Indeed, beneath those remarks, one can almost feel the shame and blame on both sides echoing back through the generations: for the blacks, who feel the need to assure youngsters that it’s not their fault, and for the whites, who must temper their disagreement because, after all, their kind did the enslaving.
But I think there is, besides that last, damning quote from the article, a valid point to be made. As one commenter put it: With two equally qualified teachers, one black, one white, the black teacher should presumably have an edge because they have a greater understanding of “the nuances of the culture.”

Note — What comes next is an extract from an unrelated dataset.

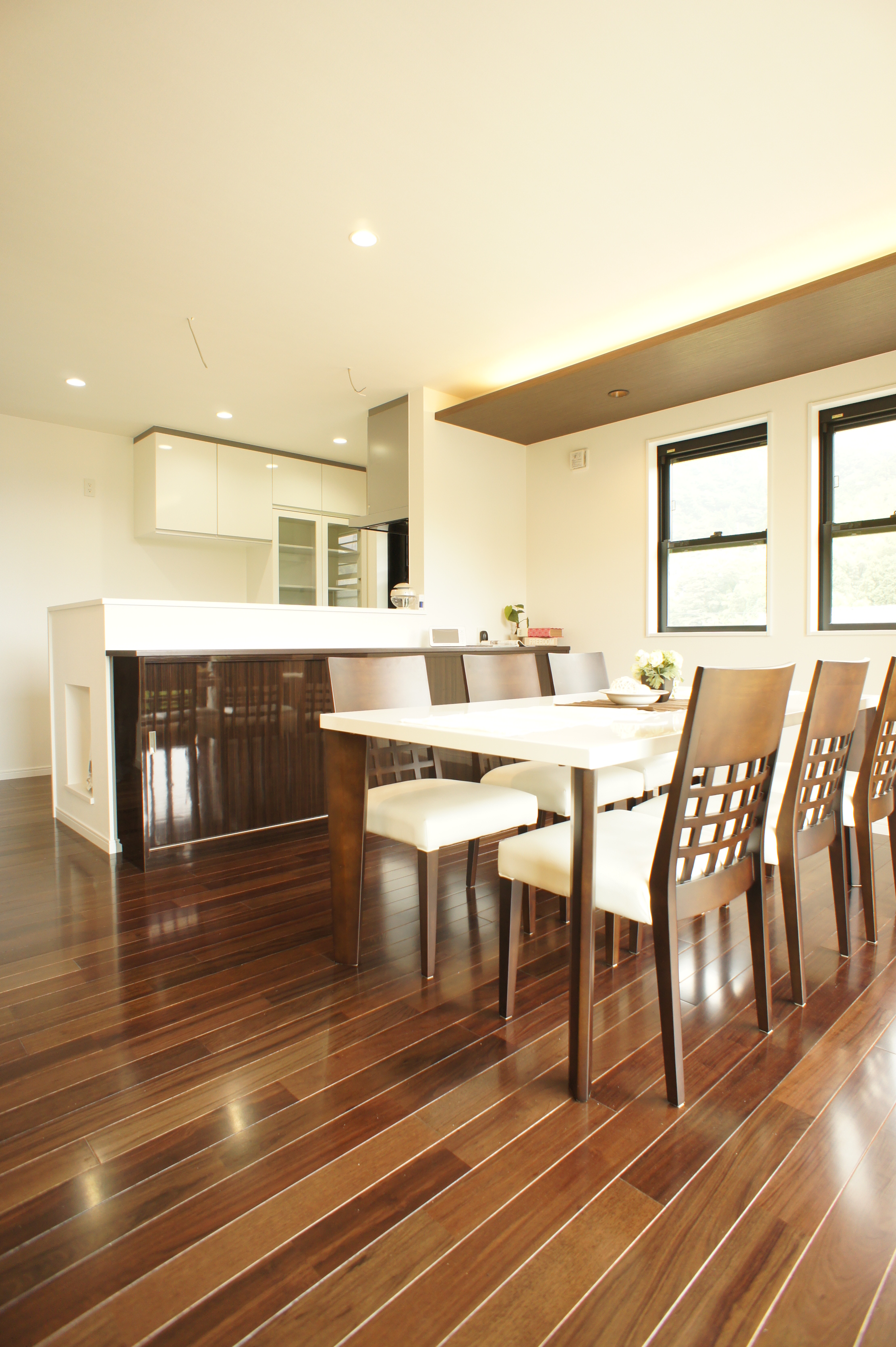 小野田産業～designers house project～｜ダークブラウンのフローリングが目を引くダイニングスペース。明るい自然光が心地よく、窓側の席でも快適な食事が楽しめる。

Does it follow, then, that only Jewish teachers should be allowed to teach about the Holocaust? Native Americans to describe Manifest Destiny? Teachers with Arab blood to describe the Crusades? No, but here’s why: Single-ethnicity American schools for those races are rare. So when we examine those circumstances, we picture a white professor teaching about the Holocaust to a diverse class — a class in which case the students are much less likely to feel a collective inferiority. The situation changes when, for example, a white teacher is sent to teach Manifest Destiny to an all-Native-American class. In that case, the same furor would have erupted, and understandably so.
The lesson, I think, is that schools composed of a single ethnicity can amplify insecurities and protectionism, and that integration, wherever possible, should be the route taken to diffuse those concerns.
The second story comes by way of Court Schuett at Miniluv:
First public gay high school to open in NYC
The Harvey Milk High School will enroll about 100 students and open in a newly renovated building in the fall. It is named after San Francisco’s first openly gay city supervisor, who was assassinated in 1978.
“I think everybody feels that it’s a good idea because some of the kids who are gays and lesbians have been constantly harassed and beaten in other schools,” Mayor Michael Bloomberg said Monday. “It lets them get an education without having to worry.”
The Hetrick-Martin Institute’s Web site says the school will give its students “an opportunity to obtain a secondary education in a safe and supportive environment. … We believe that success requires the ability to respect and value the diverse human community.”
Maybe someone can explain how allowing gays to separate themselves teaches respect for “the diverse human community.”
It seems that many blacks and gays have given up on the task of integrating with mainstream America. While they continue to work at gaining positions of cultural influence (hip-hop music, gay-oriented sitcoms, etc.), there is a growing disdain for living and interacting with white or straight folk in everyday life. How else to square their statements of “We’re here, diversity is good, accept us,” with their actions of withdrawing into their own gay schools and historically black colleges?
In this case, it is no longer enough to root out (or enlighten) the individual offenders. Rather, groups who feel persecuted must band together and, with government help, secede from the mainstream.
These actions do not foster acceptance on either side. Instead, they foster a victim mentality in children, teaching them that they are, by their very nature, persecuted by society. Whenever slighted, they are told, the only recourse is to withdraw to their own kind and lick their psychological wounds in perpetuity.